[PROVIDED DATA]:
BEGIN
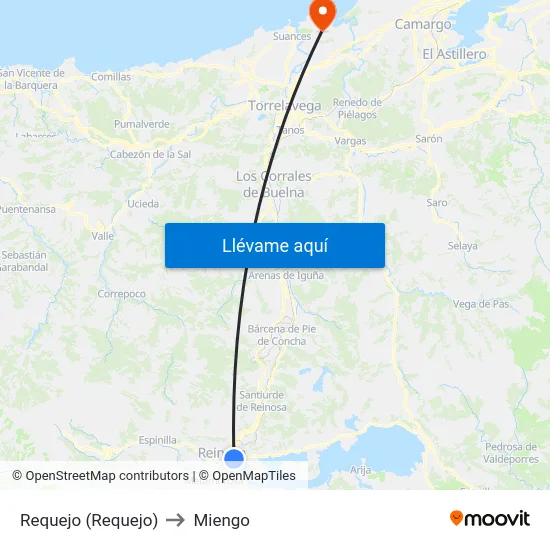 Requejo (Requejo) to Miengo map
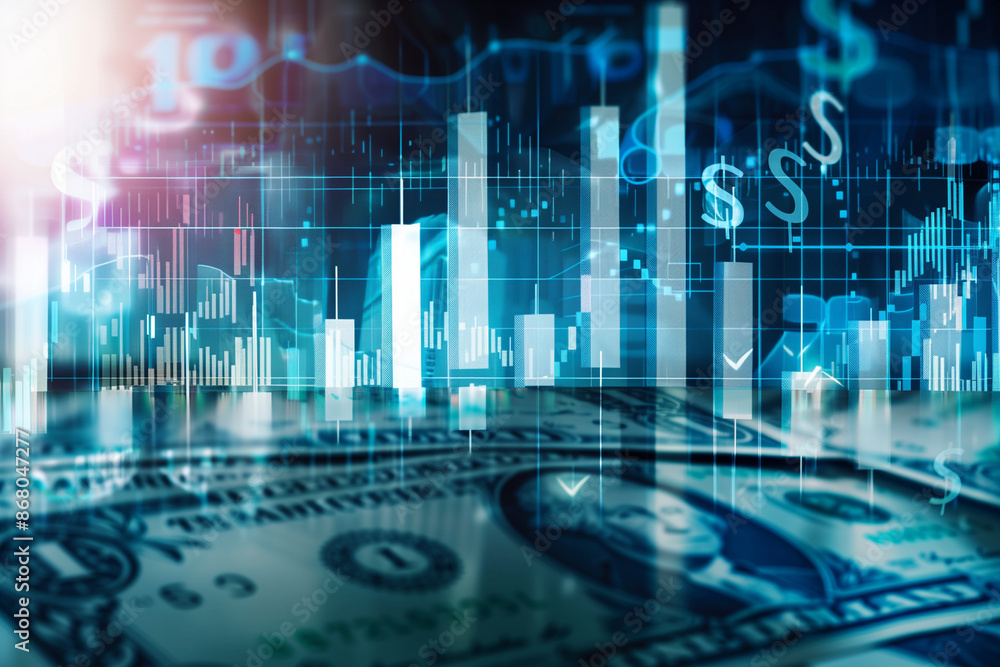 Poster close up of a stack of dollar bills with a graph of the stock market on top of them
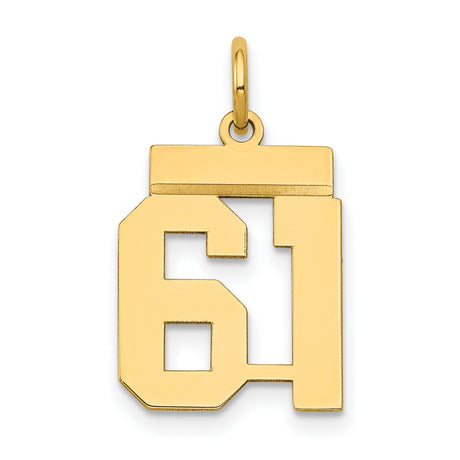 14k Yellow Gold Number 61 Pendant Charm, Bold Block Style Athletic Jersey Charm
END
[TASK INSTRUCTIONS]: Only the pictures should be left out; the rest of the material above must be repeated exactly.

[FINISHED EXERCISE]:
 Requejo (Requejo) to Miengo map
 Poster close up of a stack of dollar bills with a graph of the stock market on top of them
 14k Yellow Gold Number 61 Pendant Charm, Bold Block Style Athletic Jersey Charm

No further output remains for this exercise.